Infrastructure Software Engineer (Python, Distributed Systems)
Role summary
This Infrastructure Software Engineer role focuses on building and maintaining large-scale distributed systems, including database systems, distributed queues, and deployment platforms. The engineer will be responsible for the end-to-end lifecycle of changes in systems comprising thousands of servers, utilizing monitoring, logging, and metrics dashboards for proactive maintenance and issue resolution. Proficiency in Python is required. The role also involves familiarity with data systems, ML pipelines, binary packaging, distribution, and CI/CD processes, with a focus on maintaining the health and efficiency of infrastructure services and data pipelines. On-call support is part of the typical workload.
Job Description:
Infra/Service
Build and maintain components based on large-scale infrastructure (e.g., database systems, distributed queues, deployment platforms)

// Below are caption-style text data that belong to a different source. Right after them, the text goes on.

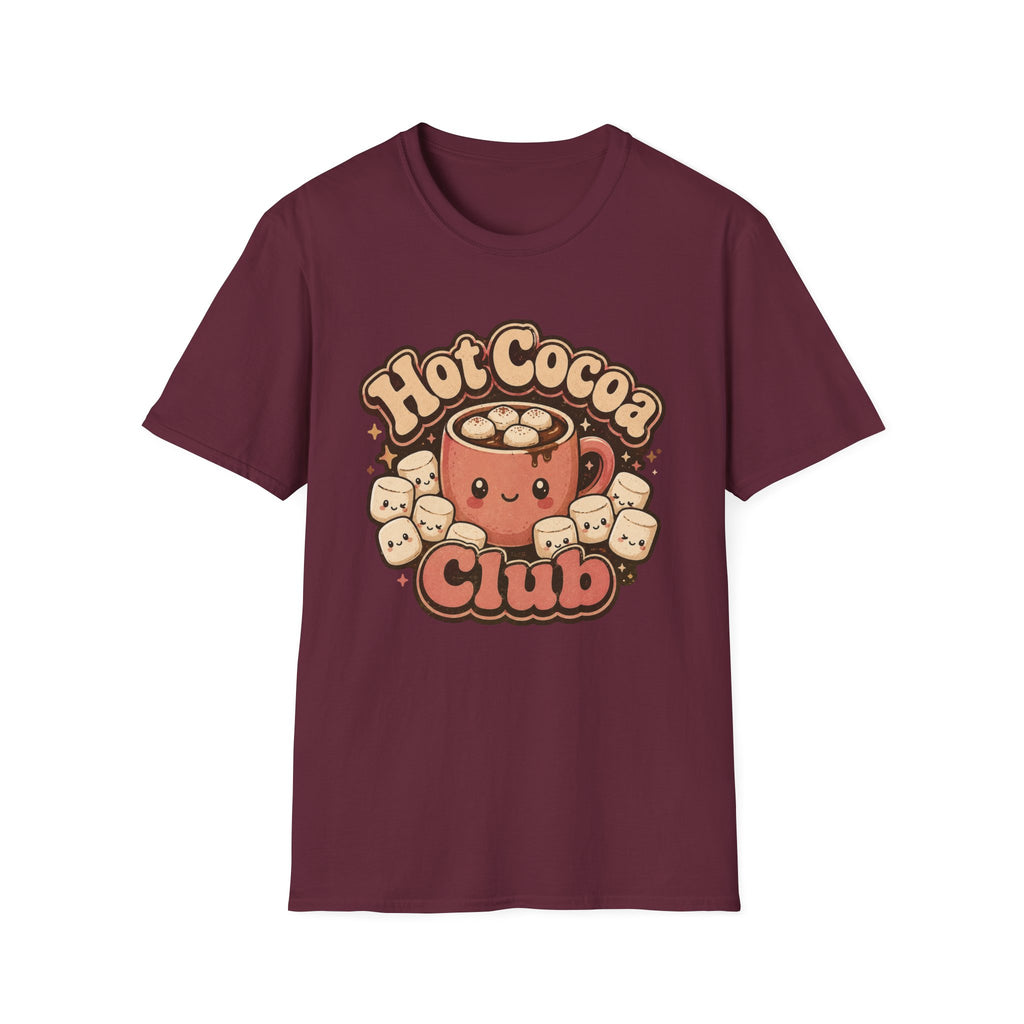 Hot Cocoa Club T-Shirt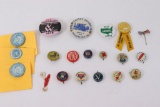 Vintage Buttons: WWI, WWII, Red Cross, etc.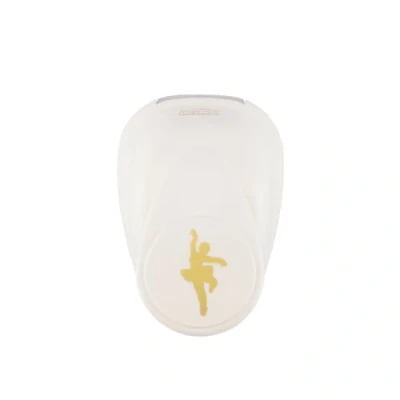 Obrázek Vaessen Creative 21435 010 Motivstanzer, Medium Stanzer Ballerina, Ausstanzung 2,5 cm Weit, Metall, lila, 6.5 x 4.5 4.4
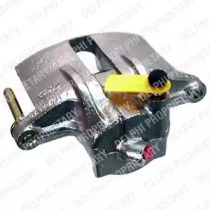 Суппорт диского колесного тормозного механизма / -держатель DELPHI для FORD SIERRA Хэтчбек (GBC) 1.3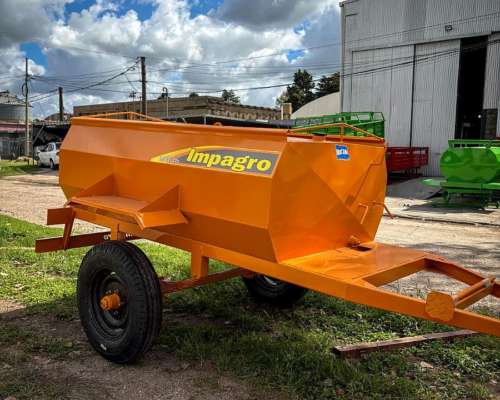 Tanque 1.500 Lts. Impagro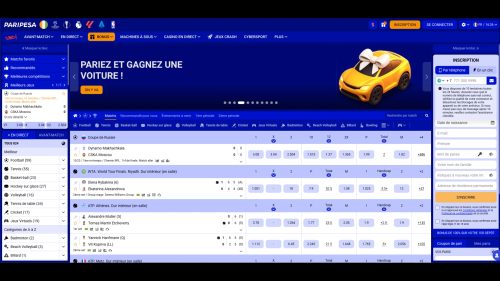 PariPesa est un bookmaker dont le bonus est assez simple à obtenir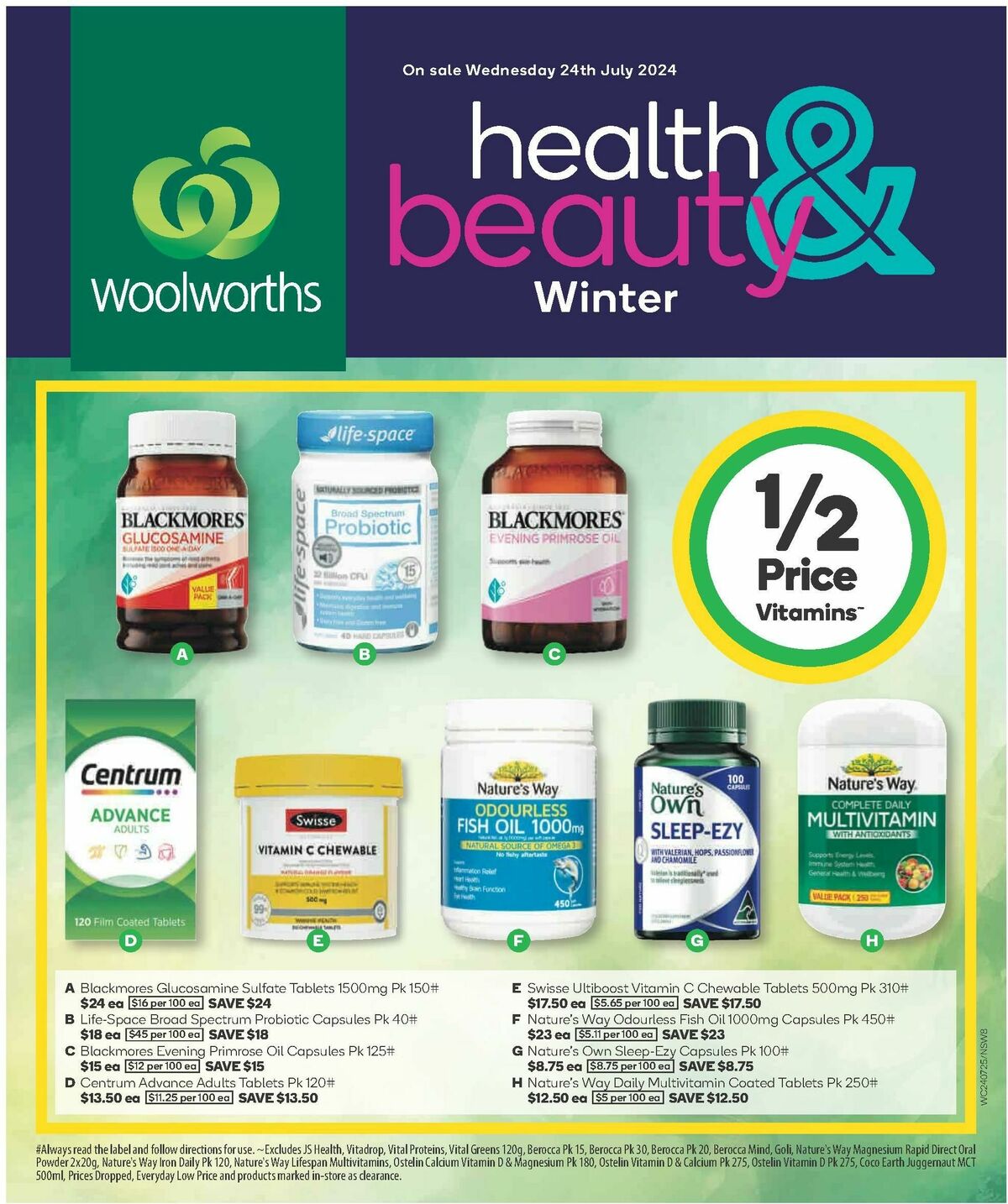 Woolworths Winter Health & Beauty Catalogue Catalogues from 24 July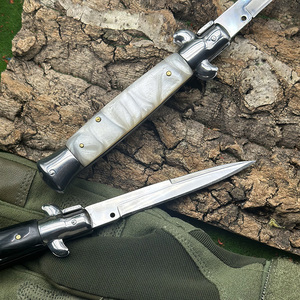 มีดพับคุณภาพสูง 24-Cutters-045-046 ผลิตจากเหล็กกล้าไร้สนิม ทนทานต่อการกัดกร่อน G10 OEM สำหรับพกพา ใช้ในกิจกรรมแคมป์ปิ้งและกิจกรรมกลางแจ้ง - Product Image 3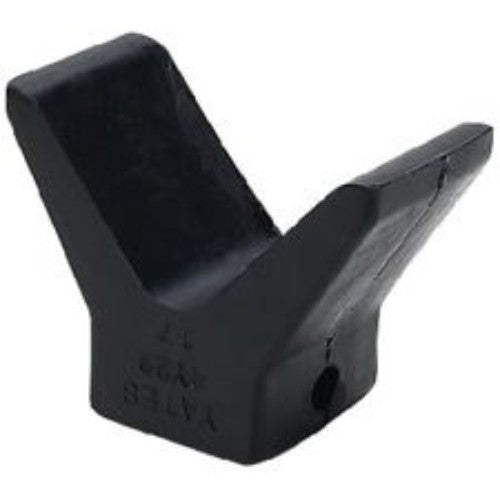 Tie Down 'V' Bow Stops - 4" Rubber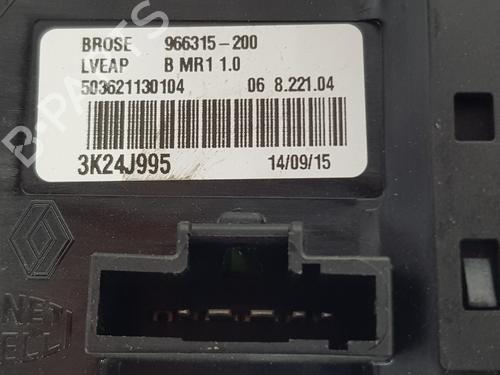 Left front window motor RENAULT MEGANE III Hatchback (BZ0/1_, B3_) 1.5 dCi (BZ09, BZ0D, BZ1W, BZ29, BZ14) | BP29464462E21 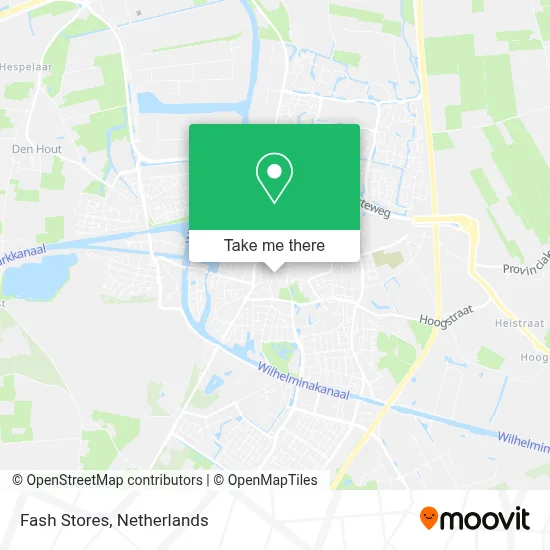 Fash Stores map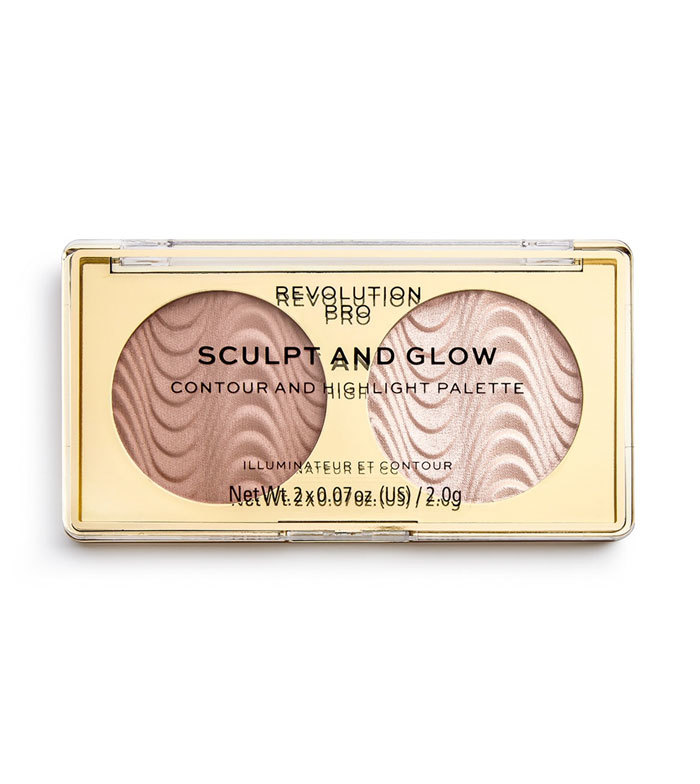 Moda REVOLUTION PRO
Sculpt and Glow Paleta 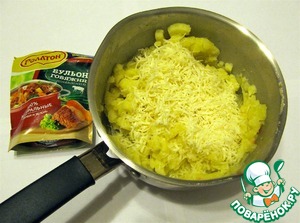 Картофельно-сырная запеканка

Comfortable making changes in mid/large scale distributed systems (order of 10k servers) by handling end-to-end life-cycle
- Proactive maintenance through extensive use of monitoring, logging and metrics dashboard, work with core infra to diagnose and resolve issues
- Proficiency in Python
70%
Infra/Data
(Matching roles
Software/Data Engineering Profile
)
- Familiarity with data systems, ML pipelines, and distributed databases
- Binary packaging and distribution
- Build and CI/CD
- Miscellaneous operational tasks related to build and third-party modules
- Proficiency in Python
30%
TYPICAL WORKLOAD
Monitor and maintain health of various infra services, data pipelines and build streams
- Provide on-call support during business hours
- Assess level of urgency and escalate to core team, if necessary
- Work on infra tasks/bugs
- Work on items related to infra health and efficiency
- These are most likely follow-ups from monitoring/alerts.